If you feel moved to tweet, we have also started the hashtag campaign #FixProjectServer– please tweet your comments with that hashtag to the Microsoft Project Twitter handle, @project.

We are committed to helping OnePager customers use our software in whatever way their business requires, even when it involves ruffling some feathers. Thank you for helping us persuade Microsoft to do the right thing for its customers. We’ll keep you posted!

This entry was posted in Microsoft Project Tips, OnePager 5.3 by Nathan Black. Bookmark the permalink.

About Nathan Black

Nathan Black was on the founding team of OnePager, joining as a beta tester in 2005. The product was exciting — the lack of paycheck, exciting in a different way.

So he went out into the world, working as a project manager, management consultant, and academic (he was most recently a research fellow in the Government Department at Harvard University). Everywhere he went, he saw a need for more and better project management, particularly by people who don’t call themselves project managers but end up filling that role on teams and ventures large and small.

In 2014, he returned to OnePager as Vice President of Solutions. His primary roles are (1) helping customers use OnePager more effectively and (2) developing new versions of the software. He is passionate about getting project visualization and reporting right, and eager to hear from project managers (in title or in reality) who feel the same way!

Nathan lives in Cambridge, Massachusetts with his wife Whitney. They enjoy classical music, the outdoors, and politics. E-mail him at nblack@onepager.com.

4 thoughts on “If You Use Microsoft Project Server or Project Online, You May Be in Trouble. Here’s What to Do.

    • Thanks for the suggestion, Brian. The Microsoft product team seems also to be making this suggestion in their response to our petition. The problem with it is that many people create and work with their projects in Project Professional, and then migrate their data to Project Server. When working on the desktop, they put a lot of work into setting their Local Custom Fields correctly. When they migrate to Project Server, they do not want to go through the hassle of transcribing all this data into Enterprise Custom Fields. This not only takes time but also introduces the possibility of transcription errors. Furthermore, putting all the information into Enterprise Custom Fields only means it would not be available to them when they need to work offline.
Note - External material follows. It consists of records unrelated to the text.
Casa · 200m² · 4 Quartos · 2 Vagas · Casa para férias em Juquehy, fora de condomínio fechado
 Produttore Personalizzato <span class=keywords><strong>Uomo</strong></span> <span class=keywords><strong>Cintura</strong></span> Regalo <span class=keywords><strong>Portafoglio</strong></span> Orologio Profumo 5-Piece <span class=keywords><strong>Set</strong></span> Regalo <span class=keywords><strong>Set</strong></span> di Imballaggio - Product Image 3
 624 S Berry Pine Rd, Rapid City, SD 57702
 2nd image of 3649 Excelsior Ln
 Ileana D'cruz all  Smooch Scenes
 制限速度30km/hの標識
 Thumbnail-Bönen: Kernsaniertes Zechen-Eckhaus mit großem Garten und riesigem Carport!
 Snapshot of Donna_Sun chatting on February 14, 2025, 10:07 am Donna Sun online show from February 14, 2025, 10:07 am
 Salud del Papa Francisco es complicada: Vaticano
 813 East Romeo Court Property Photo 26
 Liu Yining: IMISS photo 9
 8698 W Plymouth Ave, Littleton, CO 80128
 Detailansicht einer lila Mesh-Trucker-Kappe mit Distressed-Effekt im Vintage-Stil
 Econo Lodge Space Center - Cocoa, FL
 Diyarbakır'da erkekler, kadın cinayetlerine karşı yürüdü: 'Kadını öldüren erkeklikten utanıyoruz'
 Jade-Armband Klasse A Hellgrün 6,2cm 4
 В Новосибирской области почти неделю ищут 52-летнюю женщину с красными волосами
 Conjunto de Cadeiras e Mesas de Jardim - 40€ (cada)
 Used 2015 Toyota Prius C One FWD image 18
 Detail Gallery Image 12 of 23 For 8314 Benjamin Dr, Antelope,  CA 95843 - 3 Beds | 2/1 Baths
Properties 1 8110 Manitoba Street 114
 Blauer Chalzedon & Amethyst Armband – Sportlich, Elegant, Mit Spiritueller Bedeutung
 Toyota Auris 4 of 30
It seems to us like it would be better for everyone if Microsoft Project Server could just read Local Custom Fields, like most of our customers expect.

      • Well from a process standpoint they should likley think about starting their projects on the server and then they dont have to worry about any of that. They would also be able to report on that other data via the reporting database but everybody has their own way I guess.

        But in any case they only need to do it to ONE field, right? This reduces the issue I would think. They could even use a simple VBA routine to move the data for them when they move the project to the server.

        Also, Enterprise custom fields ARE available in enterprise projects when they are taken offline.

        Anyway, good luck.

        • Thank you for the correction, Brian! You are right that you can access Enterprise Custom Fields when bringing the files offline.

          Please note that we’re simply trying to keep our users’ experience as fluid as possible. Many of our customers use more than one Local Custom Field, so the effort to translate this data into other Enterprise Custom Fields could pile up.

          Our point of view is that, at a minimum, the Project users we support should not have functionality taken away from them with the introduction of new technology. Instead it should be enhanced.

          We very much appreciate your valuable time and willingness to weigh in on this matter.